Chapter 8.10
PUBLIC NUISANCES

Sections:

8.10.010    Purpose and construction.

8.10.020    Definitions.

8.10.030    Duty to maintain real property.

8.10.040    Prohibited conduct.

8.10.050    Public nuisances declared.

8.10.060    Abatement of public nuisance.

8.10.070    Enforcement.

8.10.080    Investigation and notice of violation.

8.10.090    Time to comply.

8.10.100    Hearing.

8.10.110    Municipal court order.

8.10.120    Abatement – Costs.

8.10.130    Civil penalties.

8.10.140    Additional relief.

8.10.150    Liens.

8.10.010 Purpose and construction.

The purpose of this chapter is to define, regulate and provide for the abatement of public nuisances; reduce fire, safety and health hazards; preserve and enhance the attractiveness of the city’s neighborhoods; and protect property values within the city. This chapter is an exercise of the police power and is necessary for the health, safety and welfare of the city and to preserve and protect the public peace. Therefore, the provisions of this chapter shall be liberally construed for the accomplishment of such purposes. This chapter shall not apply to piers, docks, and net sheds along the shoreline. (Ord. 1162 § 1, 2009).

8.10.020 Definitions.

All terms used in this chapter shall have their common definition meaning. In addition to the common definition meaning, the terms used shall mean as follows:

“Abate” means to repair, replace, remove, destroy or otherwise remedy a condition that violates this chapter.

“Building materials” means lumber, plumbing materials, wallboard, sheet metal, plaster, brick, cement, asphalt, concrete block, roofing materials, cans of paint and similar materials.

“Dilapidated” means a building that is generally in a deteriorated condition and meets two or more of the following conditions:

1. Exterior wall(s) and/or siding having loose or rotting materials or showing holes or breaks.

2. One or more windows that are missing glass or are boarded.

3. Roof, stairs, porch, or building structure that is sagging, leaning, or in a state of collapse.

4. At least 25 percent of a roof with missing shingles (or other roofing materials).

5. Roof, wall, or any portion thereof with tarps, plastic sheeting, or other temporary materials intended to compensate for leakage; provided, that said materials are attached for more than six months.

6. Any building which is determined to be a dangerous building pursuant to the Uniform Code for the Abatement of Dangerous Buildings as adopted by reference in the Gig Harbor Municipal Code.

“Garbage” means waste food products, other organic waste products and packaging materials from food products.

“Junk” means discarded, broken or disabled items, including, but not limited to, furniture, appliances, toys, vehicle parts, building materials, tools, machinery parts or other items that are not in functioning condition.

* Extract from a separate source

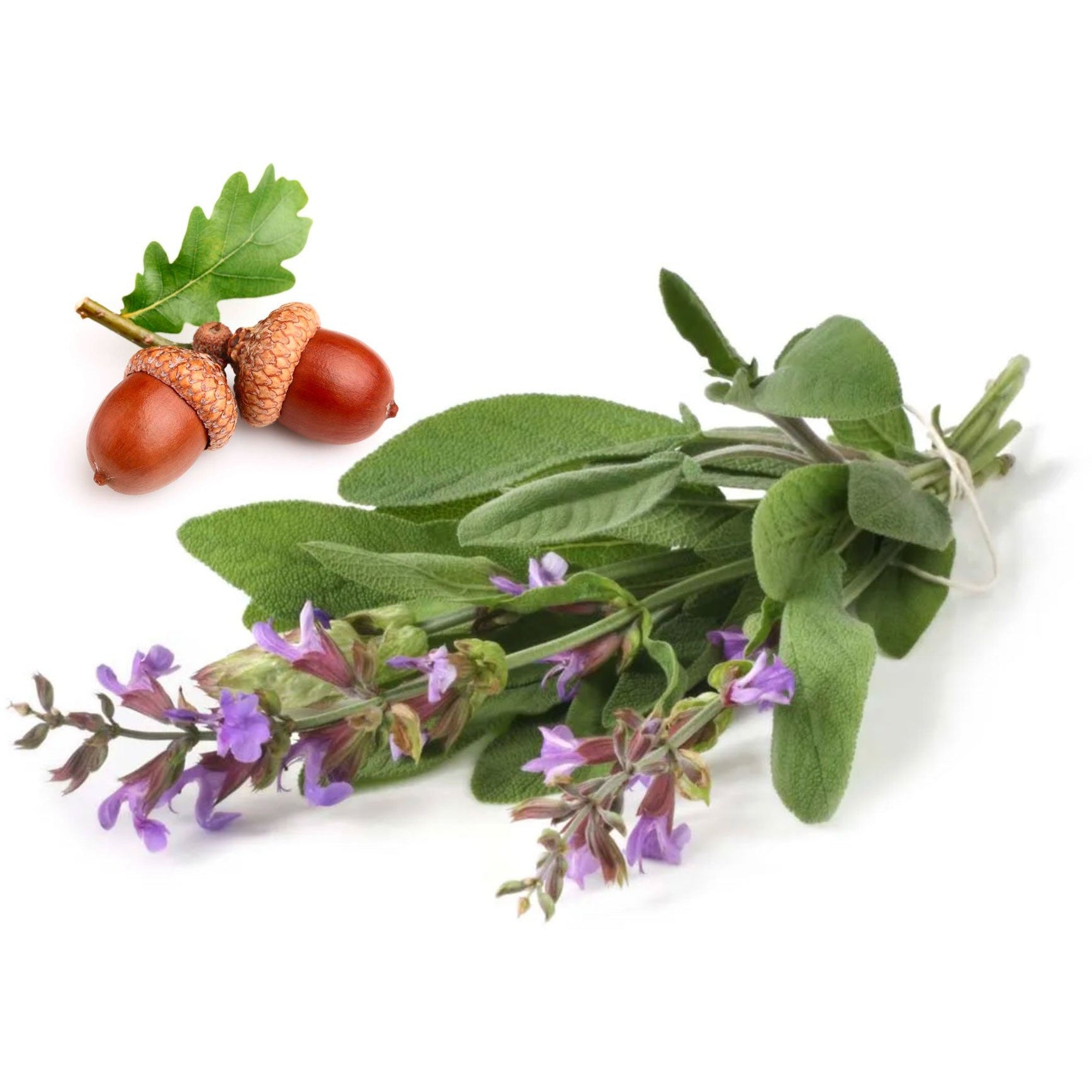 Siero Purificante Anti-Imperfezioni – Salvia & Quercia Fermentati Bio 30ml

“Person” means human beings of either sex as well as firms, partnerships, corporations, and all associations of human beings, whether acting by themselves or by a servant, agent or employee.

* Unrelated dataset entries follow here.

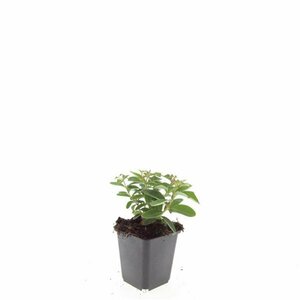Hypericum calycinum P9 - afbeelding 7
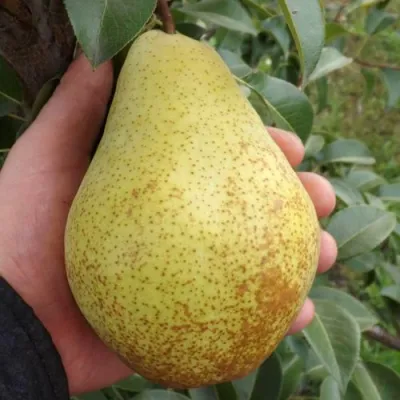 Груша ГЕНЕРАЛ ЛЕКЛЕРК в Королеве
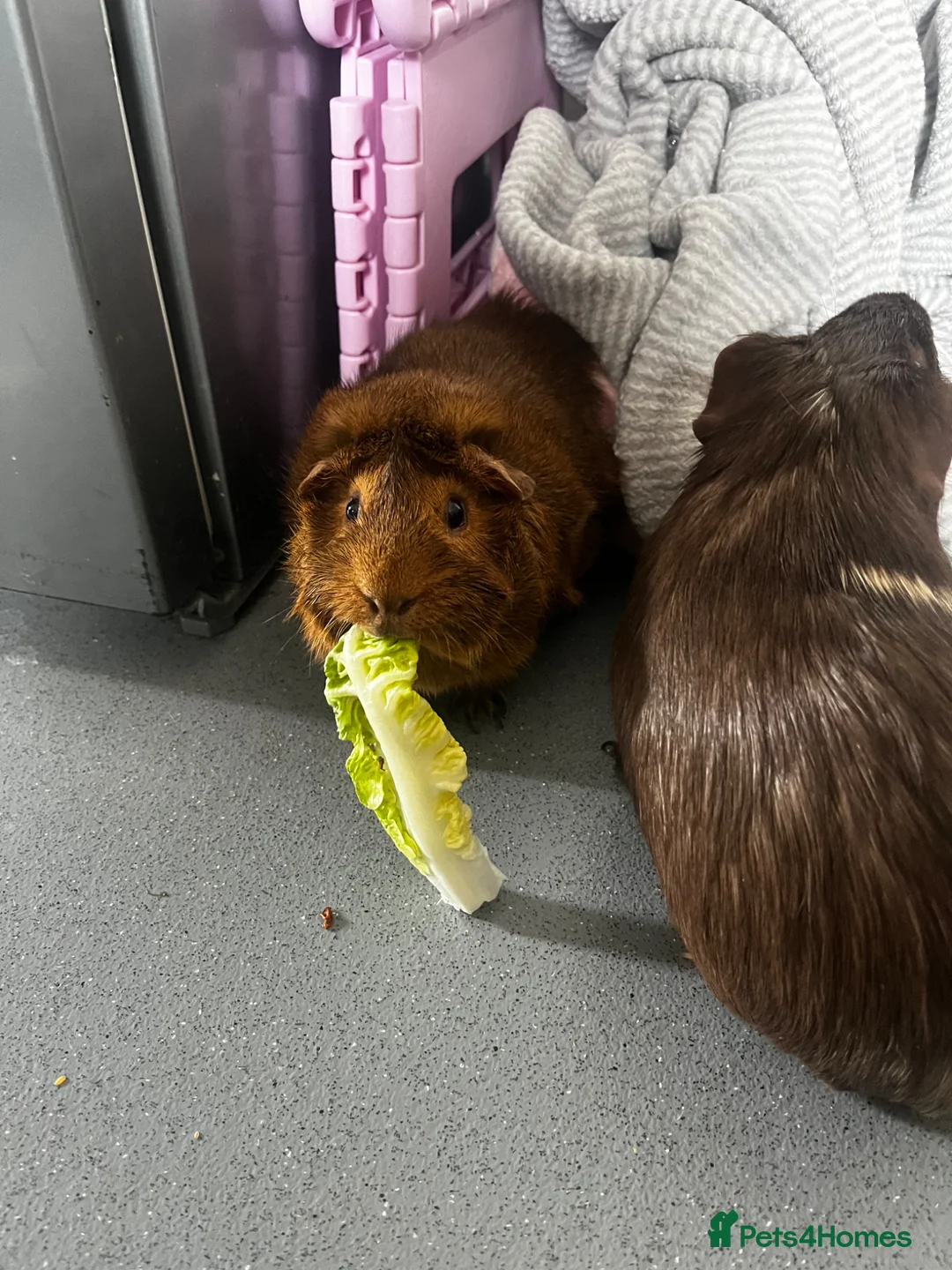 Guinea Pig rodents for sale: Two male guinea pigs in Stevenage - Advert 2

“Premises” means any building, lot, parcel, real estate, land or portion of land whether improved or unimproved, including adjacent sidewalks and parking strips.

“Public nuisance” means a thing, act, failure to act, occupation or use of property which (1) annoys, injures or endangers the comfort, repose, health or safety of the public; (2) unlawfully interferes with, obstructs, or renders dangerous for passage any stream, river, channel, public park, square, street, alley, highway or sidewalk; or (3) renders the public insecure in life or use of property. All of the conditions enumerated in GHMC 8.10.050 are “public nuisances.”

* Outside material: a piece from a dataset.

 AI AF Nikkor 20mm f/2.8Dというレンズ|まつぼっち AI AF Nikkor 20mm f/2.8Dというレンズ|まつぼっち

“Responsible party” means any person owning property, as shown on the real property records of Pierce County or on the last assessment roll for taxes, and shall also mean any lessee, tenant or person having possession of the property. There may be more than one responsible party for a particular property.

“Trash” includes, but is not limited to, used, discarded, torn or broken paper; plastic; glass; cardboard; packaging materials; small pieces of scrap metal; wire; pipe; stone; plaster; cement; office supplies; cosmetics; bottles; cans; jars; or boxes. (Ord. 1162 § 1, 2009).

8.10.030 Duty to maintain real property.

Any person owning, leasing, renting, occupying or in charge of any real property in the city, including vacant lots, has a duty to maintain the property free from junk, trash, and any other nuisance as defined in this chapter, in order that such property shall not endanger the safety, health or welfare of the general public. (Ord. 1162 § 1, 2009).

8.10.040 Prohibited conduct.

It is a violation of this chapter for any person to permit, create, maintain or allow upon any premises, any of the acts or things declared to be public nuisances herein. (Ord. 1162 § 1, 2009).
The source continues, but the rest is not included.